Von Anke Petermann | 23.08.2018
    Die Theorie der allgemeinen Relativität wird in der Schule auf einem Tablet angezeigt | Verwendung weltweit, Keine Weitergabe an Wiederverkäufer.
    Physikexperimente auf dem Tablet: Einsteins Formel aus der Relativitätstheorie (Bildagentur-online)
    Mit ausgestrecktem Arm auf Schulterhöhe lässt Philipp einen gelben Ball fallen. Jonas zückt ein Tablet und fotografiert ihn. Dabei erklärt der 14-Jährige, was er und sein älterer Mitschüler im Versuchs-Modul iMechanics des Kaiserslauterer Schülerlabors gerade tun:
    "Also, wir machen eine Aufnahme von der Fallbewegung des Balles, die Position des Balles im Verhältnis zur Zeit. Und damit machen wir jetzt eine Messung. Hier oben kann man die FPS einstellen, das heißt, wie viele Frames oder Fotos pro Sekunde aufgenommen werden. Und die Shutter-Zeit bestimmt, wie häufig die Position des Balls - so wie ich's verstanden habe ..."
    Jonas blickt fragend zu Michael Thees. Der Doktorand der Physik-Didaktik assistiert den beiden Zehntklässlern dabei, die Videoaufnahme der Fallbewegung erst scharf zu stellen und dann mit Hilfe einer App auf dem Tablet auszuwerten.
    Tablets sind mehr als elektronische Lehrbücher
    Jonas klickt "Bewegungsanalyse" auf dem Tablet an, ein Kurvendiagramm legt sich über die Ballbewegung der Bilderserie. Der Doktorand fragt die Schüler:
    "Was seht ihr jetzt hier bei den einzelnen Flugphasen, nenn ich's jetzt mal?"
    Jonas analysiert die abflachenden Bewegungskurven des Balls.
    "Die potentielle Energie, die er hat, wird in kinetische umgewandelt, aber er verliert circa immer 50 Prozent seiner kinetischen Energie."
    Philipp geht in die neunte, eine Tablet-Klasse. Doch als physikalisches Messgerät hat er seinen Mini-PC im Schulalltag noch nicht eingesetzt. Sondern:
    "Wir haben unsere Bücher da drauf. Wir haben Messergebnisse direkt vom Reagenzglas abfotografiert."
    Selbst in Tablet-Klassen werden die handlichen PCs oft nur als eine Art E-Book genutzt, fällt Robin Carkadjija auf, Lehramtsstudent und wissenschaftliche Hilfskraft in der Physikdidaktik. Dabei könne man auch im Smartphone die vielen Sensoren für Schall, Bewegung oder Magnetismus ganz einfach für den Physikunterricht aktivieren.
    Physik-Apps und Lehrer-Fortbildung
    "Zu jedem Sensor, der in Ihrem Handy verbaut ist, gibt es eine App, die diese Daten aufnehmen und verarbeiten kann.

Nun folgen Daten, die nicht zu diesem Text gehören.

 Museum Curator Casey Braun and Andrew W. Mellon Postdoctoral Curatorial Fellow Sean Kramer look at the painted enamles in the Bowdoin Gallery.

Wenn Sie 'Magnetsensor' im Appstore googeln, dann kriegen Sie viele Treffer angezeigt. Und wenn sie einen von den ersten Treffern runterladen und den mal ausprobieren und einen Magneten zur Hand haben vom Kühlschrank, und mal dran halten, findet man auch schnell raus, wo der Magnet-Sensor an Ihrem Endgerät verbaut ist. Und je nachdem, wie nah Sie rankommen, entsprechend schwach oder stark ist das Signal, und sie kriegen es angezeigt auf ihrem Smartphone."
    Carkadjijas Erfahrung:
    "Manche Schüler sind so begeistert, die kriegt man davon gar nicht weg. Und ich kann mir vorstellen, dass dies sich zuhause die Apps auf ihre eigenen Geräte laden und einfach mal selbst experimentieren, was ihnen Spaß macht."

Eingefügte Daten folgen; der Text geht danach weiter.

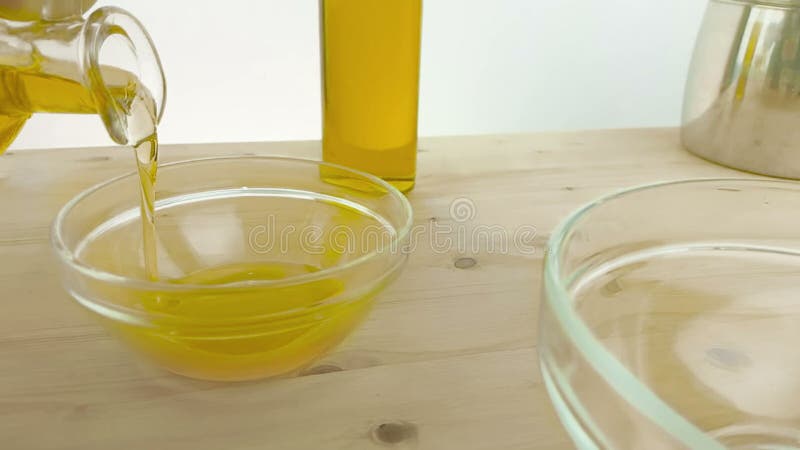 Versando cucinando olio d'oliva nell'imbottigliare il contenitore bianco sul fondo di legno della tavola vicino alla bottiglia di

    Weniger probierfreudigen Lehrkräften biete der Fachbereich Physikdidaktik in Kaiserslautern eine Liste mit Apps an - und Fortbildung zum Einsatz digitaler Medien im Physikunterricht. Was Pädagogen da mitnehmen können, erklärt Professor Jochen Kuhn:
    "Sie erleben, wie sie mit den Medien selbst lernen können. Also, im Prinzip Modell-Lernen als Schüler. Und zum zweiten zeigen wir ihnen natürlich, wie sie dieses Medium auch als Unterrichtsgegenstand zum Lernen für ihre Schule einsetzen."

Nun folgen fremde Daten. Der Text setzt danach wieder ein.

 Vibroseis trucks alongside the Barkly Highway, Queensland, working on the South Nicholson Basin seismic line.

    Die Physikdidaktiker verleihen Koffer mit digitalen Medien in Klassenstärke, samt Lernmaterialien. Auf Anfrage gehen sie auch mit in den Unterricht. Begleitend erforschen sie, ob die Hypothese zutrifft, dass Schüler mit dem Alltagsgegenstand Smartphone und den Visualisierungen mit Hilfe der Apps effektiver lernen. Denn, so Professor Kuhn:
    Intuitives Lernen, gerade in den MINT-Fächern
    "Man weiß aus der Lehr-Lern-Forschung in den MINT-Bereichen, dass die Verwendung von solchen Darstellungen und der kompetente Umgang damit Grundvoraussetzung für eine erhöhte Problemlösekompetenz und Konzeptverständnis ist. Und diese Medien stellen solche Darstellungen in sehr einfacher Weise bereit."
    So intuitiv, das die Zehntklässler Jonas und Philipp mit nur wenig Hilfe die Bewegungsanalyse mit dem Tablet selbständig auf ein anderes Experiment übertragen haben.